En dan is er die tweede zaak van een totaal andere aard, waarover hij het hebben wou, gegroeid uit wat hij gisteren nog schreef over the explorer die hij wou zijn. Een zin uit hetzelfde boek waarin de schrijver en redenaar, G.A. Smith verwijst naar twee passages in de Bijbel – in feite zijn het de meest merkwaardige in de ganse Bijbel – komende uit het Boek van Joshua, hoofdstuk 10, vers 11, over de regen van meteorieten en vers 12, over de stilstaande zon en maan[2], waarvan G.A.Smith zegt:
‘There is no reason to doubt that this poem, like so many others, is the tradition of an actuel event, but it does not suggest that this event was a miracle’.
Immanuel Velikovsky ook had dit opgemerkt, en deze heeft er een de theorie over opgebouwd, die in de jaren vijftig van vorige eeuw, Amerika overhoop heeft gehaald.

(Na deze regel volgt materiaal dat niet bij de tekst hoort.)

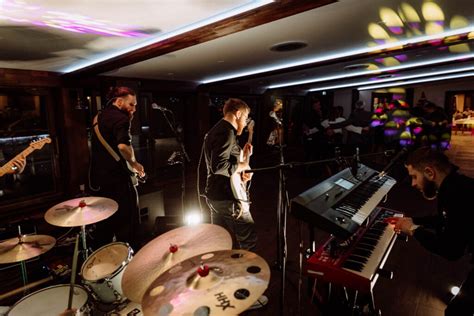 DJ s mikrofónom zabáva svadobných hostí a novomanželov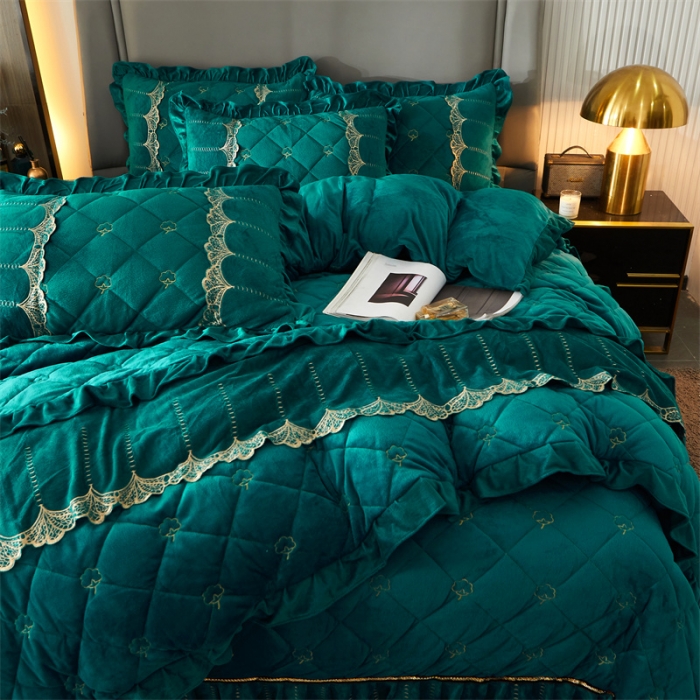 91家纺网 家纺一手货源 找家纺 十个点家纺 2024新款刺绣水晶绒床盖三件套 宝石绿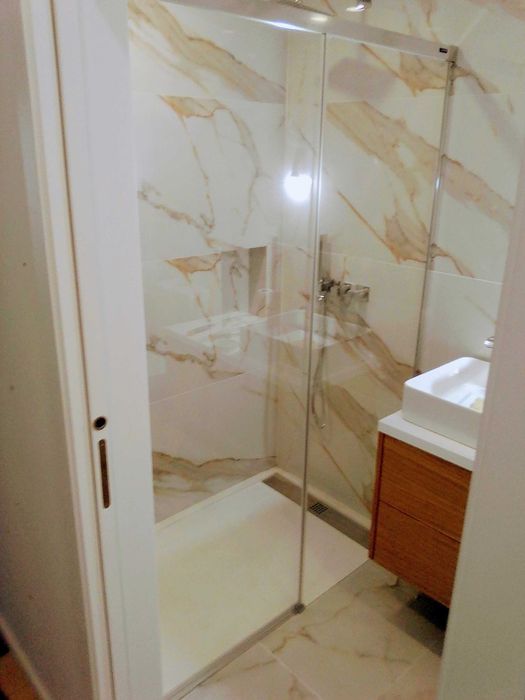 Remodelação de banhos- Substituição de banheira por base de duche.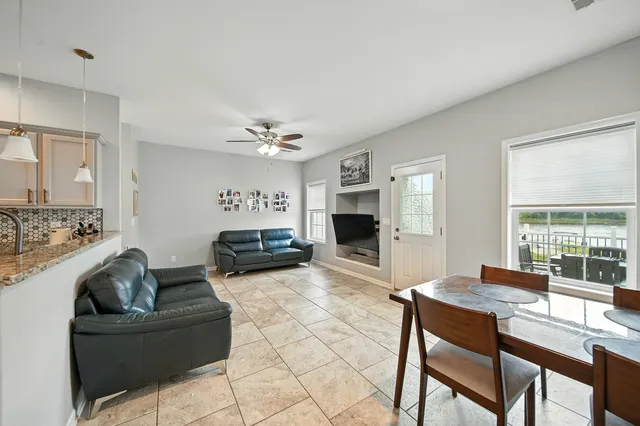 $219,000 | 1613 Riverside Circle, Dixon, IL 61021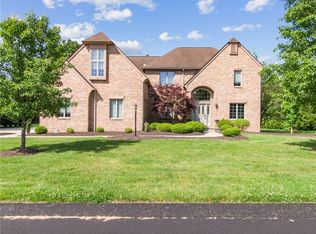 426 Glenmeade Rd, Greensburg, PA 15601
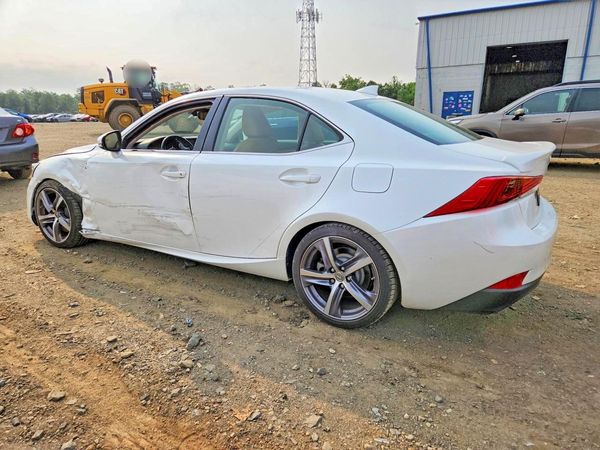 2018 LEXUS IS 300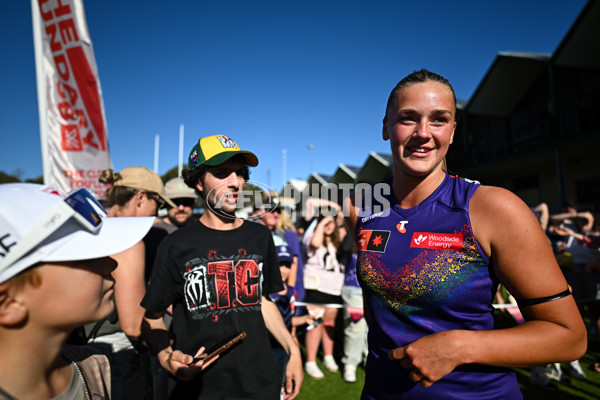 AFLW 2025 Round 09 - Fremantle v Melbourne - A-63900160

Waarbij hij misschien – maar absolute zekerheid is er niet – te ver is gegaan. Maar zijn theorie ter zijde gelaten, Velikovsky heeft hem de weg naar de Bijbel doen vinden en hem binnen geleid in de geschiedenis van in het bijzonder, Koningin Hatsjepsoet en farao Akhnaton.
Hij is er uit gekomen met de zekerheid die ook deze was van de schrijver van ‘The early poetry in Israel’ dat de stilstaande zon & maan een catastrofaal natuurfenomeen moet geweest zijn en zeker niet het gevolg was van een goddelijke interventie.
Die Velikovsky geschiedenis heeft hem tientallen jaren bezig gehouden, meer nog dan de ‘Divina Commedia’ van Dante. Hij heeft dit al verteld maar hij zal het blijven vertellen omdat het een heel belangrijke gebeurtenis is geweest in zijn leven.
Beide elementen, de Bijbel, overkoepeld door de Poëzie: twee draagvlakken in zijn leven.
En hier sta ik dan vandaag, 29 december van het jaar 2016.
[1] George Adam Smith: ‘The early Poetry of Israel’, The Schweig Lectures, 1910, University Press Oxford, reprinted in 1927
[2] King James’ Bible: Chapter 10, 11: ‘… That the Lord cast down great stones from heaven upon them unto Azeka, and they died ( het betreft het leger van de Amorieten); they were more wich died with hail stones (‘barad’, gloeiende stenen) then they whom the children of Israel slew with the sword.’
Chapter 10, 12: Then spoke Joshua to the Lord… and he said in the sight of Israel: Sun stand thou still upon Gibeon, and thou Moon, in the Valley of Ajalon.
Chapter 10, 13 : And the sun stood stil and the moon stayed, untill the people had advenged themselves upon their enemies. … So the sun stood still in the midst of heaven, and hasted not to go down about a whole day.